▶ **INSTRUCTIONS FOR THE TASK**: Please print every record exactly as it stands, leaving out the pictures.

▶ **RECORDS FOR THIS EXERCISE**:
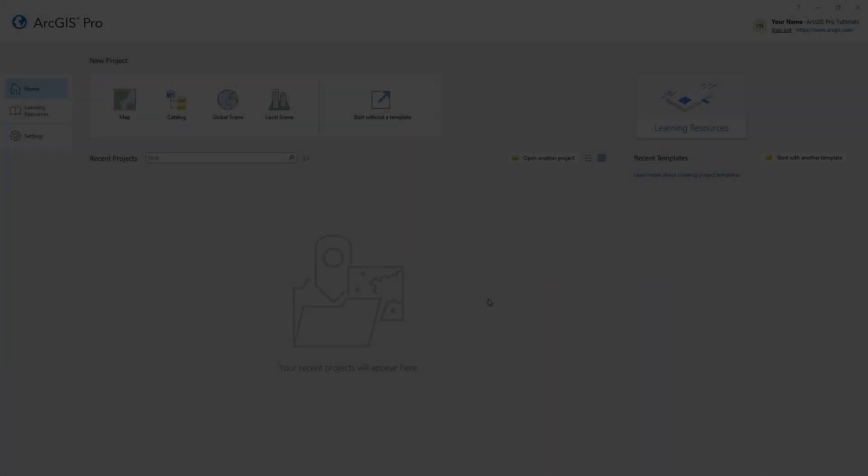Hi everyone, it's Grace from Esri. In this video we will follow the Visualize Temporal Data tutorial in ArcGIS Pro.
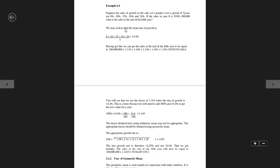Let's look at this example. Suppose the rate of growth in the sales of a product over a period of five years are 8%, 10%, 12%, 18%, and 24%. The product can be anything — a car, a house. Let's assume it's a house, and you notice that every year the price of the house is increasing.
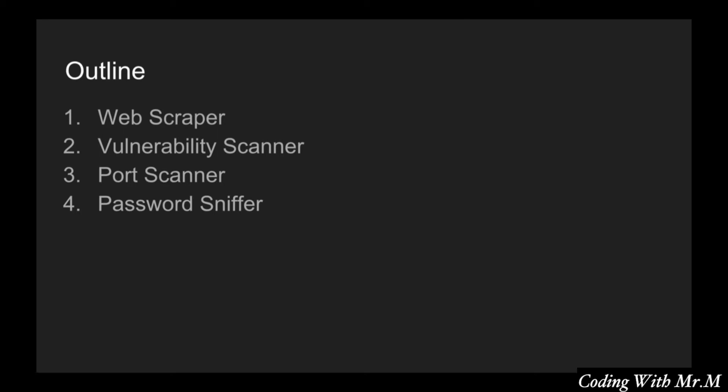And then after that we will build a basic port scanner. This will be similar to nmap. We will be using socket programming. This is really useful to learn not only for port scanners but also for malware. If you want to create your own malware you will be using socket programming for your communication.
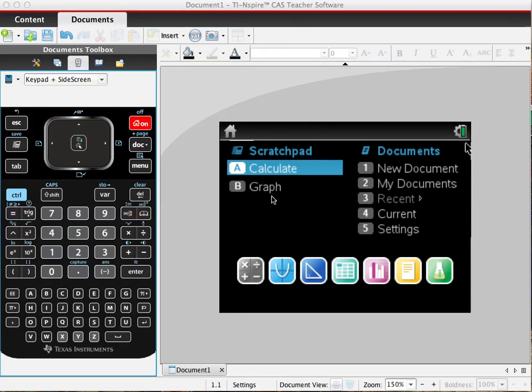Hello. Today I will be modeling how to turn a spreadsheet and data in the spreadsheet into a graph on the TI-Nspire CAS.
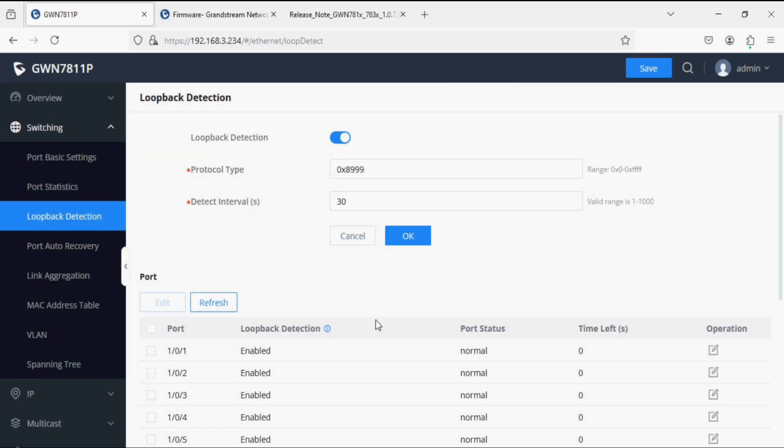Now I'll connect a loop on port number one and two using a LAN cable, connecting it to the first and second ports. Currently the status is normal, and after connecting the LAN cable it will change.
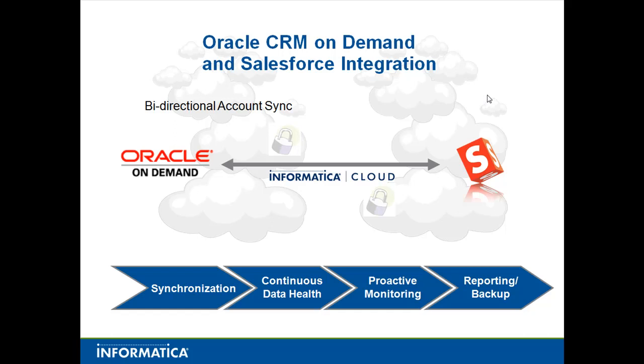Welcome to the Informatica Cloud. Today we're going to talk about synchronizing Oracle CRM on Demand and Salesforce.com. We're going to do a bi-directional account sync so a lot of you can relate to that. Either you're moving to or from either Oracle on Demand or Salesforce because they're the two big players out there in the CRM space.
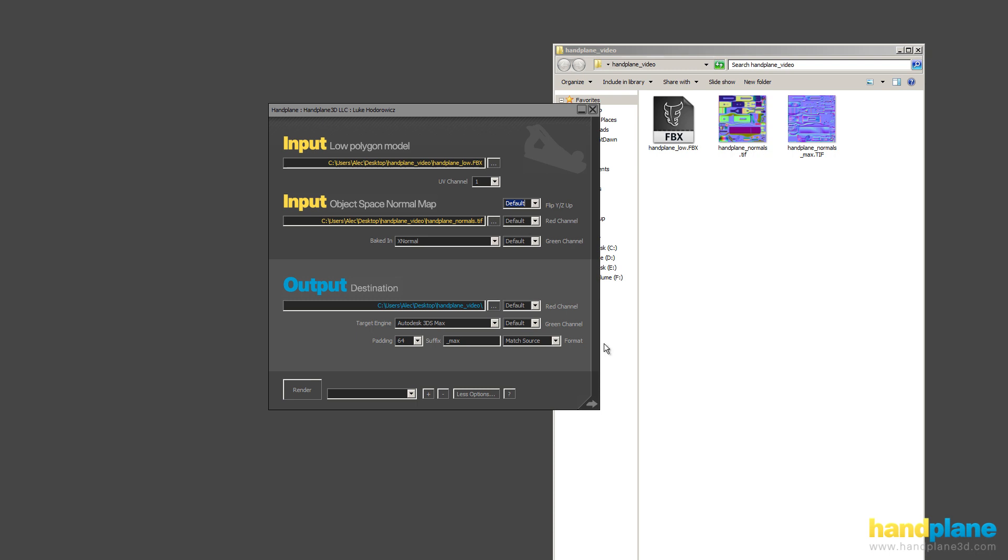And then for the output options, you can set the padding quantity, which you probably just want to leave at 64. And you can manually type in a suffix if you want. And that'll be used. And you can swizzle the channels in the output as well.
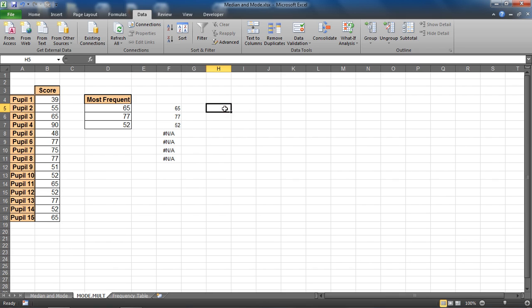And there's a look at calculating the median and mode functions within Excel. Thank you for watching this tutorial. Please check out some of the other tips and tricks we have for you at computergaga.com.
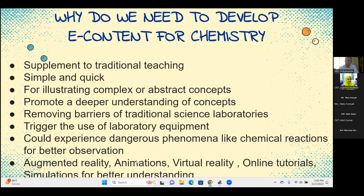If no laboratories are available in schools, virtual tools are very beneficial. Technology has removed barriers of traditional science labs and triggered the use of lab equipment. Many chemistry experiments are hazardous — for example, students putting sodium metal into a sink to see the explosive reaction with water. For dangerous chemical reactions, students can experience these in simulation activities to understand how experiments can be hazardous before going into a real laboratory.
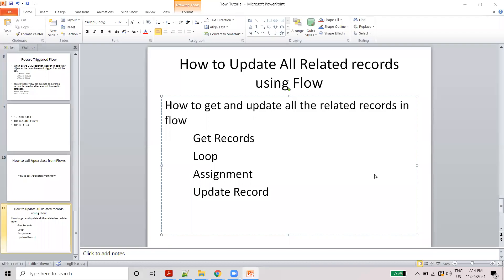Hello everyone. How to update all the related records using flows, for example.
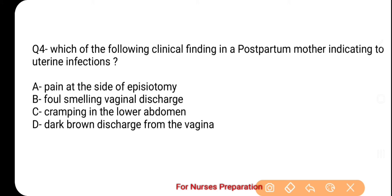Next question is: which of the following clinical findings in a postpartum mother indicates uterine infection? Options हैं — A. Pain at the side of episiotomy, B. Foul-smelling vaginal discharge, C. Cramping in the lower abdomen, D. Dark brown discharge from the vagina. The correct option is B, which is foul-smelling vaginal discharge. Postpartum mother में vagina से बदबूदार discharge होना Uterine infection को indicate करता है और ऐसी condition में जल्दी intervention की आवश्यकता होती है। Episiotomy की side में जब तक heal नहीं होती तब तक pain होना normal माना जाता है।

▶ **ANSWER AREA**:
Hi everyone, it's Grace from Esri. In this video we will follow the Visualize Temporal Data tutorial in ArcGIS Pro.
Let's look at this example. Suppose the rate of growth in the sales of a product over a period of five years are 8%, 10%, 12%, 18%, and 24%. The product can be anything — a car, a house. Let's assume it's a house, and you notice that every year the price of the house is increasing.
And then after that we will build a basic port scanner. This will be similar to nmap. We will be using socket programming. This is really useful to learn not only for port scanners but also for malware. If you want to create your own malware you will be using socket programming for your communication.
Hello. Today I will be modeling how to turn a spreadsheet and data in the spreadsheet into a graph on the TI-Nspire CAS.
Now I'll connect a loop on port number one and two using a LAN cable, connecting it to the first and second ports. Currently the status is normal, and after connecting the LAN cable it will change.
Welcome to the Informatica Cloud. Today we're going to talk about synchronizing Oracle CRM on Demand and Salesforce.com. We're going to do a bi-directional account sync so a lot of you can relate to that. Either you're moving to or from either Oracle on Demand or Salesforce because they're the two big players out there in the CRM space.
And then for the output options, you can set the padding quantity, which you probably just want to leave at 64. And you can manually type in a suffix if you want. And that'll be used. And you can swizzle the channels in the output as well.
And there's a look at calculating the median and mode functions within Excel. Thank you for watching this tutorial. Please check out some of the other tips and tricks we have for you at computergaga.com.
If no laboratories are available in schools, virtual tools are very beneficial. Technology has removed barriers of traditional science labs and triggered the use of lab equipment. Many chemistry experiments are hazardous — for example, students putting sodium metal into a sink to see the explosive reaction with water. For dangerous chemical reactions, students can experience these in simulation activities to understand how experiments can be hazardous before going into a real laboratory.
Hello everyone. How to update all the related records using flows, for example.
Next question is: which of the following clinical findings in a postpartum mother indicates uterine infection? Options हैं — A. Pain at the side of episiotomy, B. Foul-smelling vaginal discharge, C. Cramping in the lower abdomen, D. Dark brown discharge from the vagina. The correct option is B, which is foul-smelling vaginal discharge. Postpartum mother में vagina से बदबूदार discharge होना Uterine infection को indicate करता है और ऐसी condition में जल्दी intervention की आवश्यकता होती है। Episiotomy की side में जब तक heal नहीं होती तब तक pain होना normal माना जाता है।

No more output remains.